- Born: Tan Tjoe Hong 2 February 1953 (age 72) Makassar, Indonesia
- Criminal status: Escaped May 1996
- Criminal charge: Embezzlement
- Penalty: 17 years

= Eddy Tansil =

Indonesian businessman (born 1953)

Eddy Tansil, born Tan Tjoe Hong (Tan Chu Hong (陳珠芳), born 2 February 1953) is an Indonesian businessman of Chinese descent who bribed his way out of Cipinang Prison, Jakarta, on 4 May 1996 while serving a 17-year sentence for embezzling $420 million in loans from Bank Pembangunan Indonesia, which subsequently went bust and was amalgamated into Bank Mandiri.

==Criminal penalty==
In 1994, Tansil was sentenced to 17 years in prison, fined 30 million rupiah, ordered to pay 500 billion rupiah compensation, and repay state losses of 1.3 trillion rupiah. Tansil's escape in 1996 was facilitated by corrupt prison officials.

==After prison escape==
An anti-corruption watchdog, Gempita, determined in 1998 that Tansil was conducting business under a corporate license of German company Becks Beer in Putian, Fujian, China.

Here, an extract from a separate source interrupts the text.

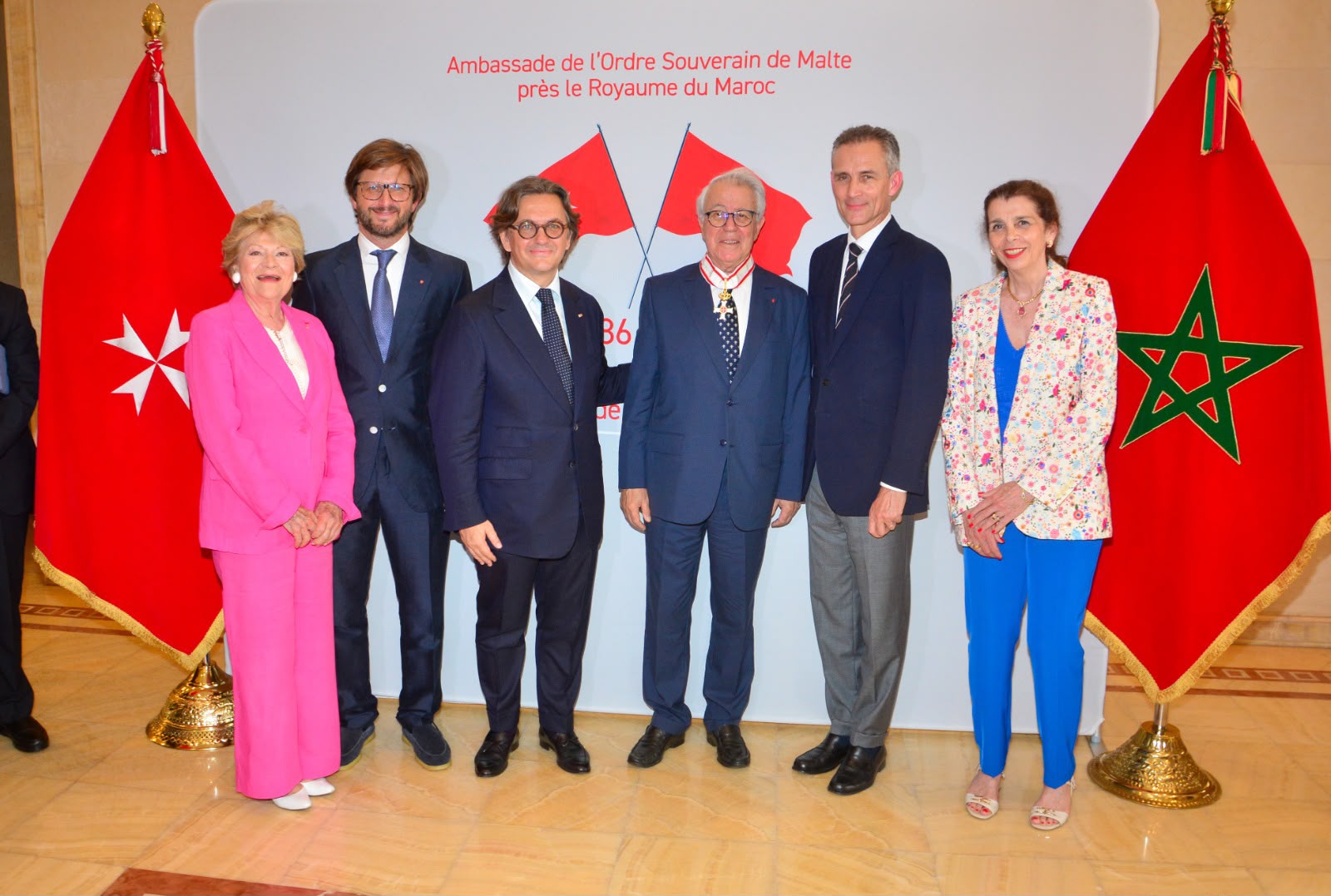 Abdeljalil Lahjomri entouré de Julien Brunie, Sophie de Puyraimond, Diego Hidalgo et de ses proches.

In 2013, Eddy Tansil's presence in China since 2011 was confirmed, and an extradition request was submitted to the Chinese government. In 2015, Tansil was reportedly residing in Macau.

Indonesian news website Tirto.id in July 2019 reported that Tansil had defaulted on a bank loan in China in 2002. He had reportedly borrowed 389.92 million renminbi (then $47 million) from the Bank of China, putting up land assets and two factories in Putian as collateral, but failed to repay the amount and then challenged efforts to confiscate his assets.

==Family==
He is a brother of Hendra Rahardja, a banker whose loans to his own companies and his family's businesses were not repaid, resulting in losses of $264 million, and who died in custody in Australia during proceedings to extradite him to Indonesia.

His nephew is Rudy Kurniawan, who was convicted of counterfeiting wine.